Exercise aim: Would you print the records below from the first line through the line containing "Kayass - La Police Tue", skipping the pictures?

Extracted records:
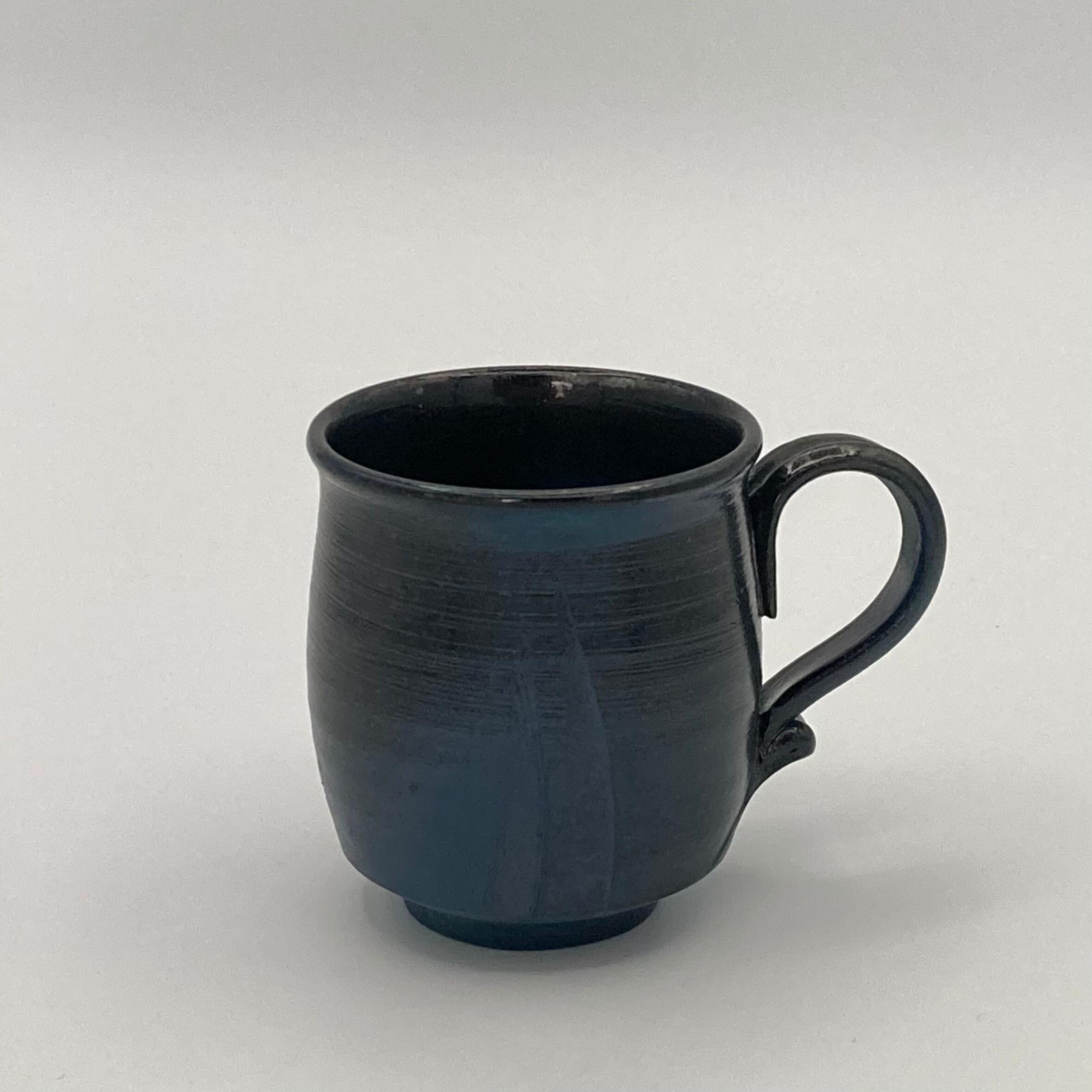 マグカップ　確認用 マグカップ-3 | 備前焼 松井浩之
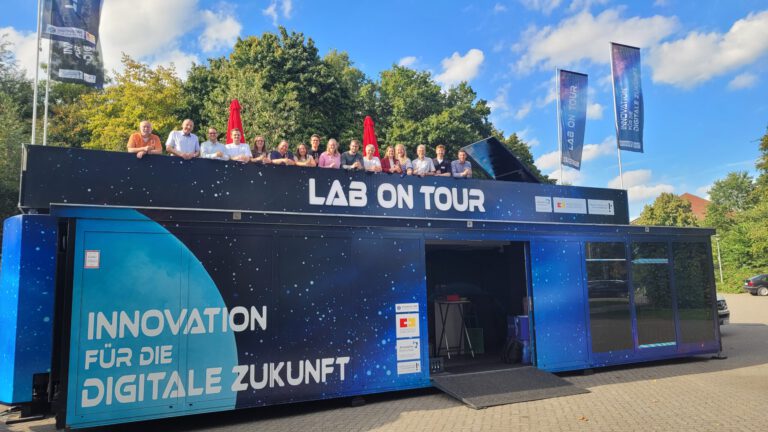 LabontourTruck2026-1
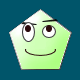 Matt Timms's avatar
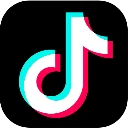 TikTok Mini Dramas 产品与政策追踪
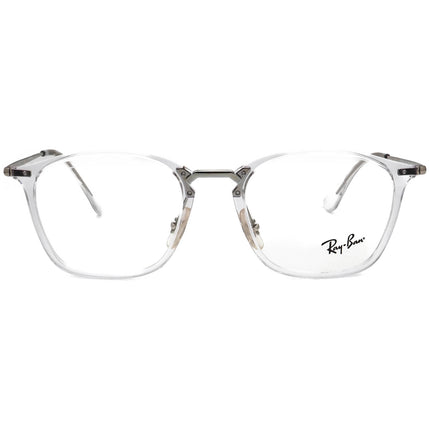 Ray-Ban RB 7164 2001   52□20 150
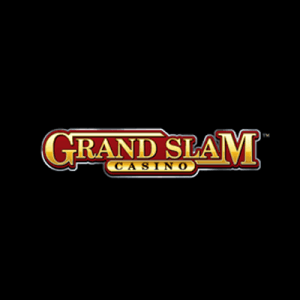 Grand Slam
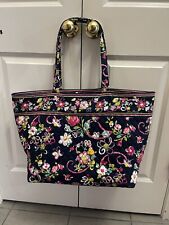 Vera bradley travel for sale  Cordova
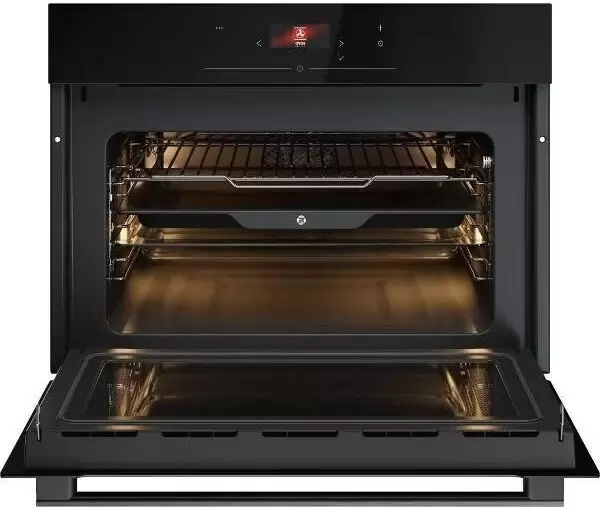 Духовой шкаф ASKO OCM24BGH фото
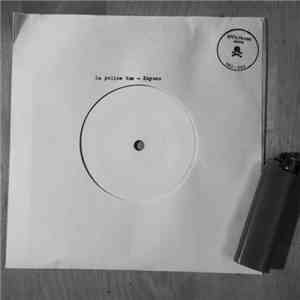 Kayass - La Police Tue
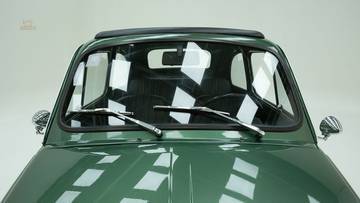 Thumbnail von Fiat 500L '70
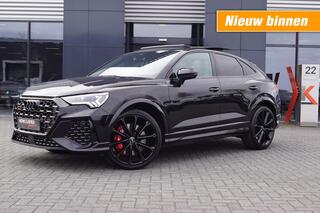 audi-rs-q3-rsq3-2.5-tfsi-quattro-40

Response below:
 マグカップ　確認用 マグカップ-3 | 備前焼 松井浩之
 LabontourTruck2026-1
 Matt Timms's avatar
 TikTok Mini Dramas 产品与政策追踪
 Ray-Ban RB 7164 2001   52□20 150
 Grand Slam
 Vera bradley travel for sale  Cordova
 Духовой шкаф ASKO OCM24BGH фото
 Kayass - La Police Tue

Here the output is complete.